**Assignment**
Would you please return only the lines from the one with "Сайлентблок рычага SWAG 30 13 0078" through the last line of the records below, leaving the pictures out?

**Extracted entries**
########
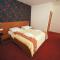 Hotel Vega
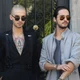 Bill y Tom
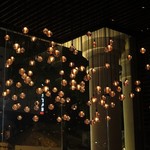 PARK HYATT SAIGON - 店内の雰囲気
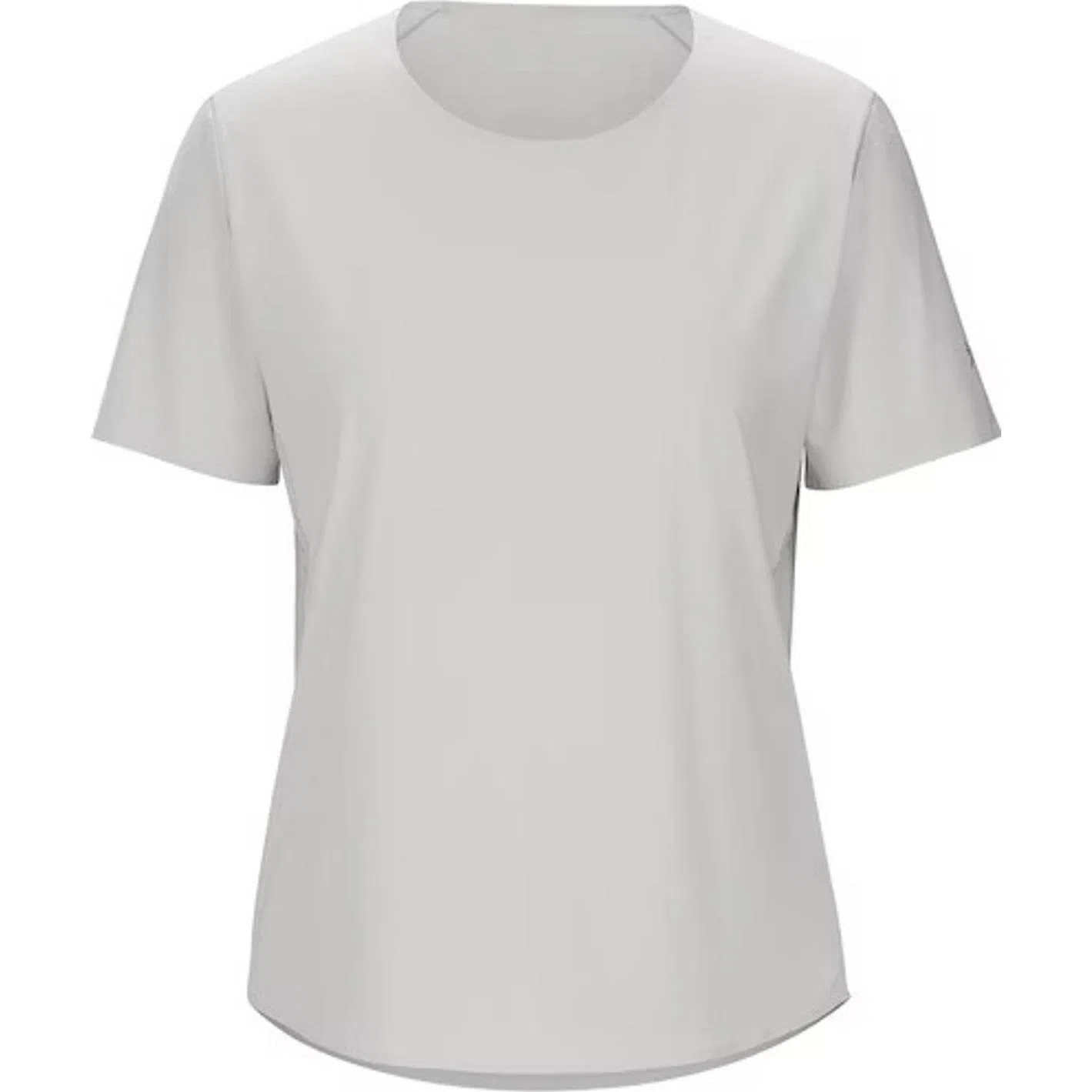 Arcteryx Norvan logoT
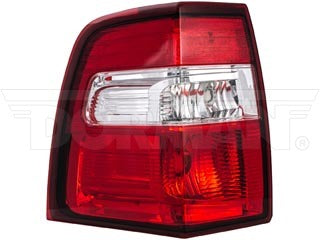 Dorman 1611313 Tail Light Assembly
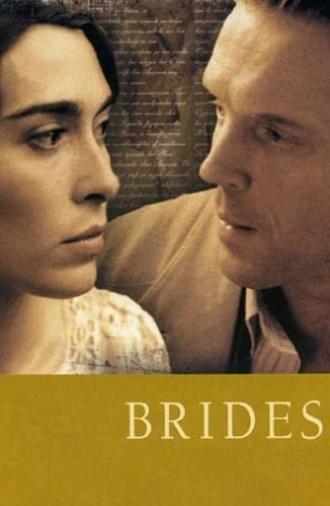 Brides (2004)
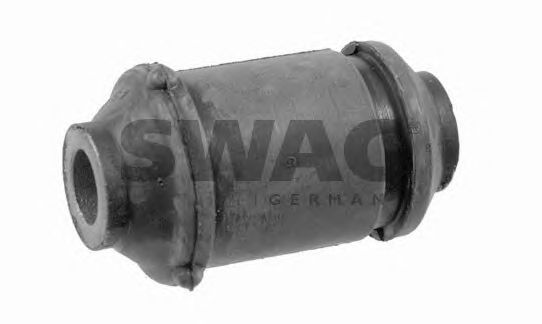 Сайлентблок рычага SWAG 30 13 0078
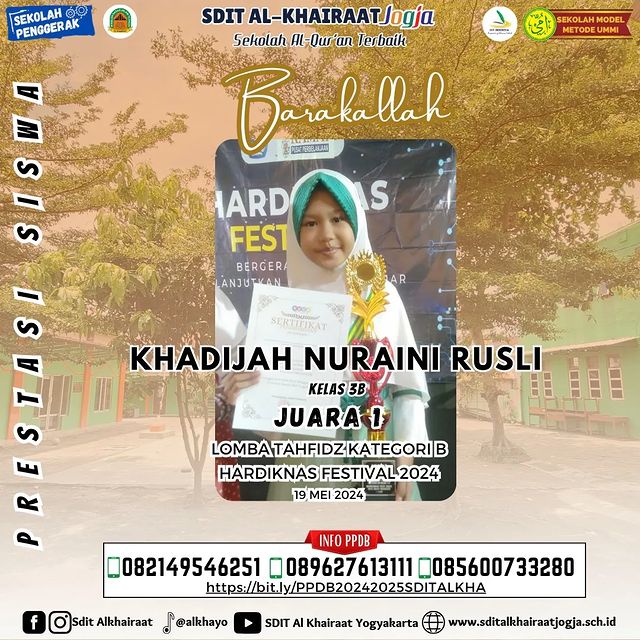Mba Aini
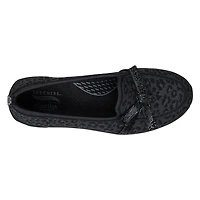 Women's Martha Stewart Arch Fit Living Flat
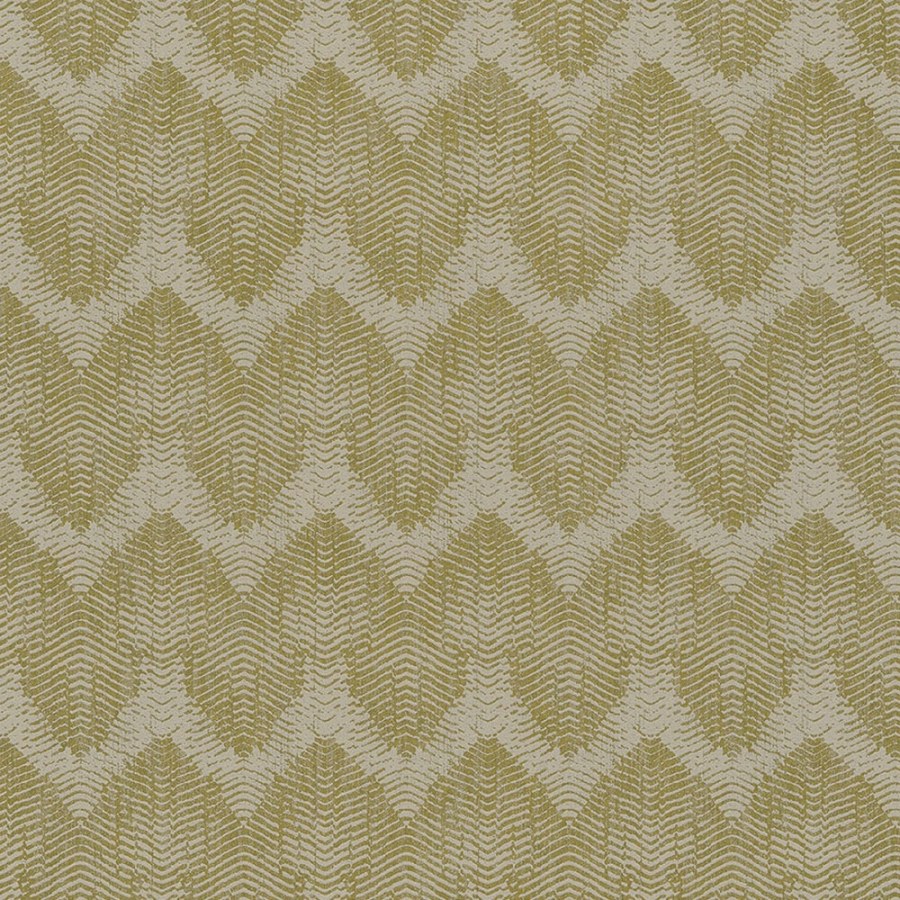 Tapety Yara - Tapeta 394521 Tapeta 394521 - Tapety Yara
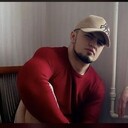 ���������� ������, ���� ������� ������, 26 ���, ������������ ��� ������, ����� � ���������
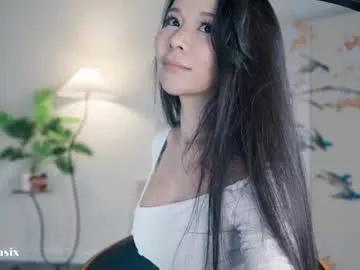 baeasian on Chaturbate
########
**Result of this task**
 Сайлентблок рычага SWAG 30 13 0078
Mba Aini
 Women's Martha Stewart Arch Fit Living Flat
 Tapety Yara - Tapeta 394521 Tapeta 394521 - Tapety Yara
 ���������� ������, ���� ������� ������, 26 ���, ������������ ��� ������, ����� � ���������
 baeasian on Chaturbate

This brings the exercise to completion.